EghtesadOnline: The Majlis passed a bill last week based on which electricity tariffs for energy-intensive industries, namely cement factories, refineries and petrochemical and steel companies will increase fourfold to 1.6 cents per kilowatt hour.
Beginning from the next fiscal year (March 21), all industrial units that use more than 2 megawatts of electricity a day will be charged 1.6 cents per kWh, up 275% compared to the outgoing year (0.4 cent per kWh), ISNA reported.
The move has stirred controversy among economic and energy experts. The legislators argue that big industries export in huge volumes and as such higher tariffs will not affect inflation.
The cash-strapped Energy Ministry has been obliged to use its revenue not only to settle a part of its massive debt ($2 billion) to private companies but also rehabilitate ageing infrastructure and expand water supply to rural areas.
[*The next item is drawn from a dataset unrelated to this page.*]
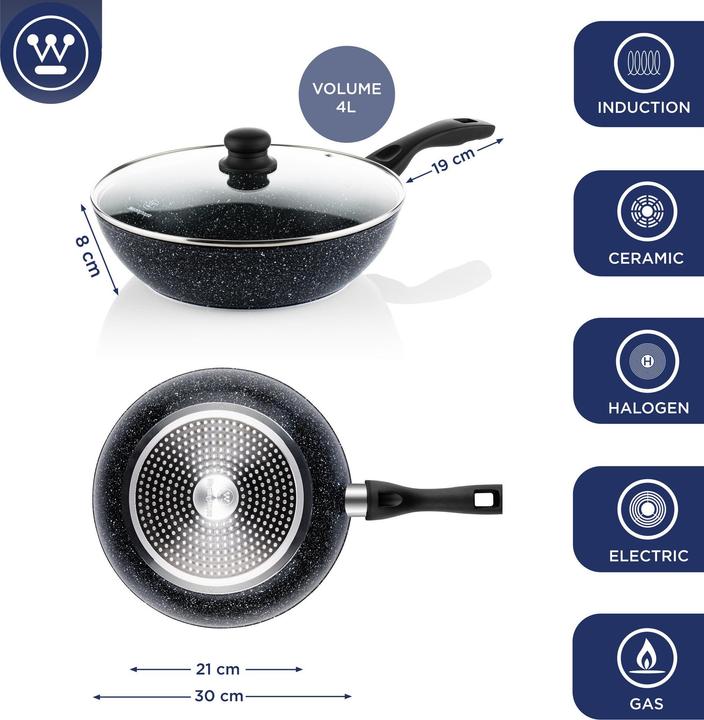 Immagine prodotto Westinghouse Padella Wok in marmo nero (30 cm, Alluminio)
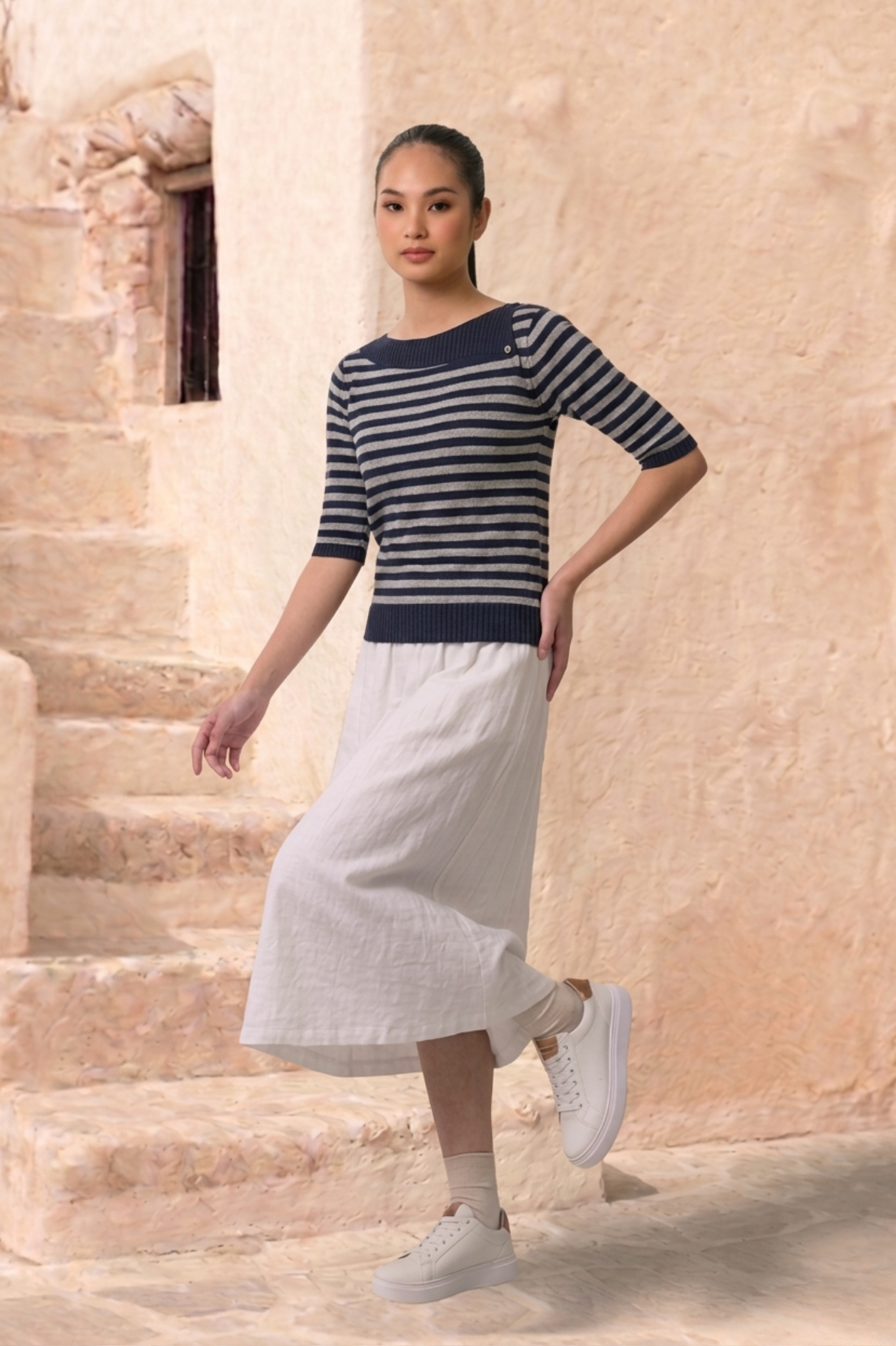CAPE COD - STRIPE YARN KNIT TOP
However, economic experts warn that the decision will further push up the galloping inflation because at least 40% of goods produced by big industries (cement, steel, petrochemicals) are sold domestically to which the lawmakers seem to be oblivious.
"Such a mistake should have been avoided by learning from the past," Amir Mohammad Eslami, an independent energy expert, told ISNA, noting that whenever energy and power prices (whether it is gasoline or electricity) increase, the domestic inflationary impact is a foregone conclusion.
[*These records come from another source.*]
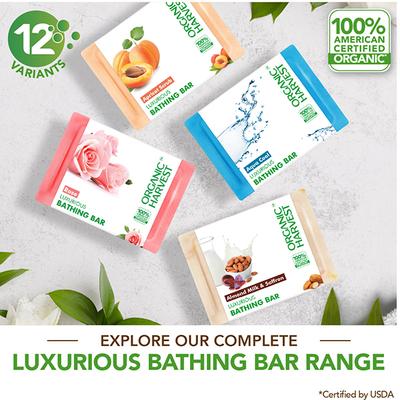 Organic Harvest Luxurious Bathing Bar - Mint, Mint Soap Bar for Gentle Cleansing, Mint Soap Bar 125 gm - Soaps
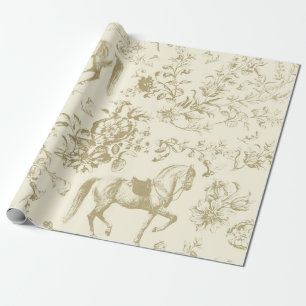 Elegant  gouden beige paardenbloemmotief cadeaupapier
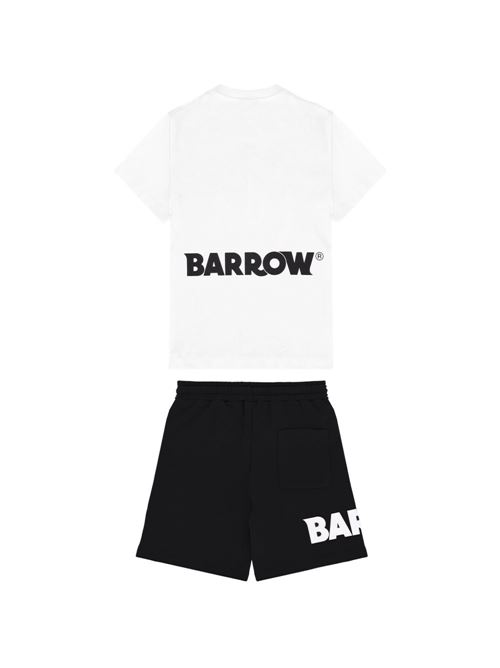 Completo unisex Barrow Kids bianco e nero con t-shirt e bermuda BARROW KIDS | JUTB167002/13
Referring to the abrupt government decision to raise gasoline prices in November 2019 from 5 cents per liter to 7.5 cents per liter, he said the 50% rise overnight resulted in paying more at the pump, leaving less to spend on basic needs such as food, health, education, housing and apparel.
Last but not least, high power tariffs can undermine economic growth by affecting the supply-demand chain for goods and services. Increase in prices tend to depress the demand side because it raises the cost of production and end users may not be able to afford many things as time passes.
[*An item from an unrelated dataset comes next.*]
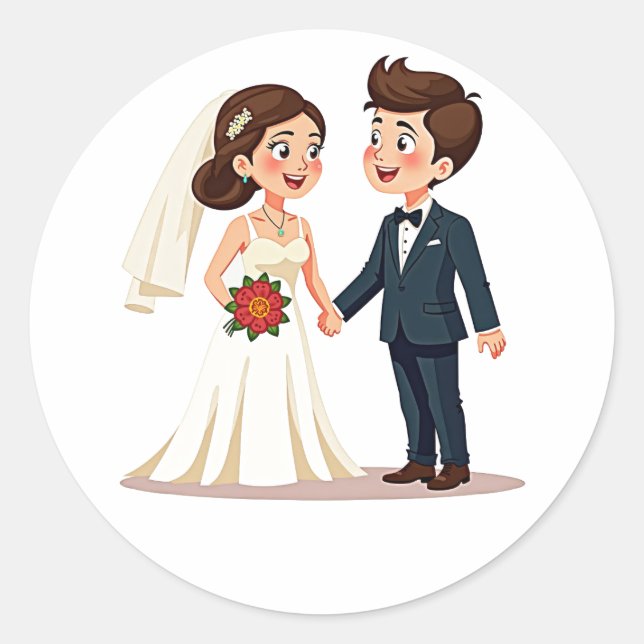 Bride and Groom Holding Hands Sticker (Front)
In related news, Barq News quoted Mohsen Tarztalab, managing director of Iran's Thermal Power Plants Holding Company, as saying that investment in power plants, renewables and infrastructure decreased sharply in the past three years and the state-run Iran Power Generation, Distribution and Transmission Company (Tavanir) will face problems related to electricity security from 2022.
“Installed power capacity of 80 gigawatts is enough to meet demand. Declining private investment has become a major concern amid the likelihood that the key sector may face serious shortages come 2025.”
He spoke of “risks for the future sustainability of power systems” and warned that financial constraints have become a major issue for infrastructure renewal and expansion.
“Policies that can mobilize investment for sustainable power systems, like raising power tariffs, should be given high priority.”
Tarztalab noted that lack of investment is rooted in the fact that private power producers have been hit hard by deferred payments because the Energy Ministry has failed to meet its financial commitments on time.
The Energy Ministry's debt has ballooned to $2 billion, of which $500 million is owed to the industrial giant Mapna Group.
Annual power consumption in Iran grows between 5% and 6%, but expansion plans have been undermined due funding issues, mismanagement and the energy subsidy policies.
“Power projects to the tune of $13 billion are on hold because contractors want strong guarantees that they will be paid on time,” the TPPHC boss said.
The number of electricity meters nationwide in the household, agro and industrial sectors, which now exceeds 37 million jumps 1 million a year.